When his pants fell to his ankles, the belt buckle clanking dully on the steel floor, he grinned at her and leaned in close.

“A kiss, first, then.”

She squeezed him tight and stared into his eyes. She let herself hate this man, with all the years of righteous wrath she had carried since a sixteen-year-old girl had traded her family for jars of ashes. Using him as a platform, she swung one leg out and over his shoulder.

Annoyed, he reached up to grab her leg. She flipped the other one up to join it. Locking her left foot behind her right knee, she squeezed.

Stupidly, he spent the first fifteen seconds fighting her, pitting the strength of his arms against the strength of her legs. Only when the lack of air began to weaken him did he think to start hitting her. She struggled with him, twisting and cranking at his neck, trying to avoid his blows while keeping the pressure up. He started pulling away, and now she was fighting just to keep her hold.

They staggered around in a circle, bound by the chain, and she realized she was losing. He kept getting loose enough to catch a breath. Soon his attacks would hurt her enough that she couldn’t hold on.

There was a sharp crack. She felt the force of the blow even through the guard’s heavy body.
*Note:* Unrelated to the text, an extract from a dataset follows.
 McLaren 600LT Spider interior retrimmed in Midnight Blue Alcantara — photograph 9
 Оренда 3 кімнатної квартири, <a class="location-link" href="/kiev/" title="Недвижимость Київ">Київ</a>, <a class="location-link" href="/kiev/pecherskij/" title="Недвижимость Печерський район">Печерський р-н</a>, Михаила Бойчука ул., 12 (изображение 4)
He stiffened momentarily, his eyes suddenly focused on some distant point, and then sagged limply in her grip.

They swung together, for an instant, until she let him fall. Lying on the ground at an unnatural angle, he feebly twitched his arms, trying to reach his broken back, while drool spilled from his mouth.

Kyle grinned savagely. “I might have broken a toe.” He had kicked the guard in the spine. The guard’s attempts to retreat had only brought him within range of Kyle.
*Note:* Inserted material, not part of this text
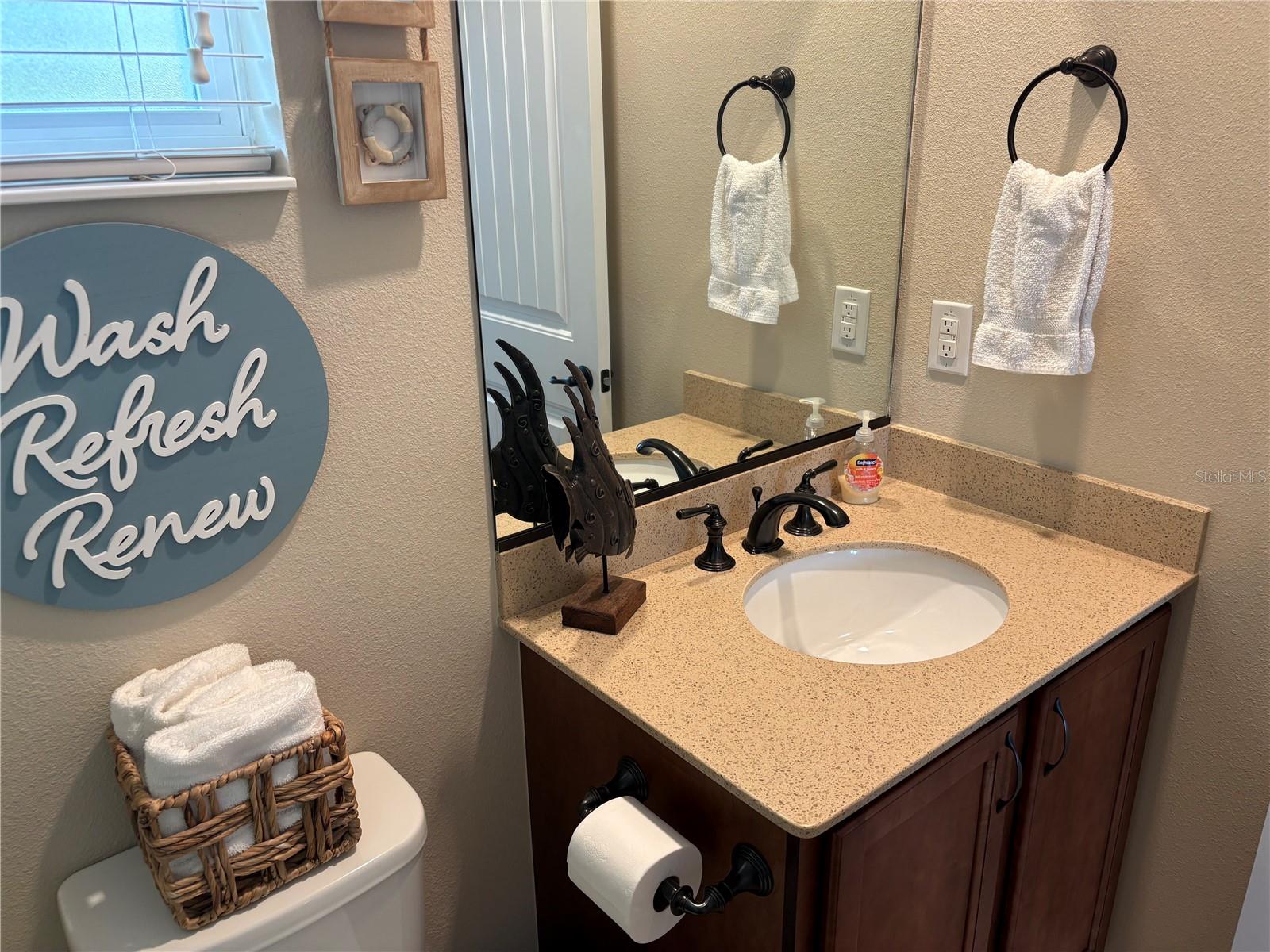 Image 12 of 17 For 7890 87th Loop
Kyle stretched out and put a foot on the guard’s throat. She shook her head.

“I know,” he said. “They almost certainly have him on a sensor. If we kill him, they’ll come. I’ll wait until the door opens. I’ll give you as much time as I can. But please, Prudence. Say something.”

She couldn’t speak yet. Instead she released the chain and stood on the ground again, staring up. She would only have one chance. Carefully, her hands opened wide, fingers spread in a net, she spat the medallion out of her mouth.

Wet and slick, it slipped through her fingers, fell to the floor, and began to roll away.

Kyle stepped on it, quick as a snake.

“What the…”

Shame at her failure, at muffing the one chance they had to live, washed over her, released by the gift of Kyle’s second chance. She sobbed uncontrollably, tears spilling from a breached dam.

“What is this?” Kyle asked wonderingly. Gently prodding it with his toes, he tried to pick it up.

Prudence’s heart thudded. If he activated the device unknowingly, the blade would spring out at some random direction and cut off half his foot. She had thought it was impossible, but she remembered Jandi’s easy release of the blade.

She tried to warn him, and failed. Now that her mouth was free of the secret it had borne, the medallion that it had hidden while she stood by and let Jorgun’s heroics save her life, she found her voice was silenced by grief.

“I don’t think I’m flexible enough,” Kyle said. Gently he pushed the medallion over to her, avoiding the flopping guard.

She reached out with her foot, her toe brushing his. The contact was electrifying, the promise of hope burning like a branding iron.

Carefully, methodically, she maneuvered the medallion under her foot, until her toes could grip it. Experimentally, she sagged on the chain, letting her taped wrists take all of her weight.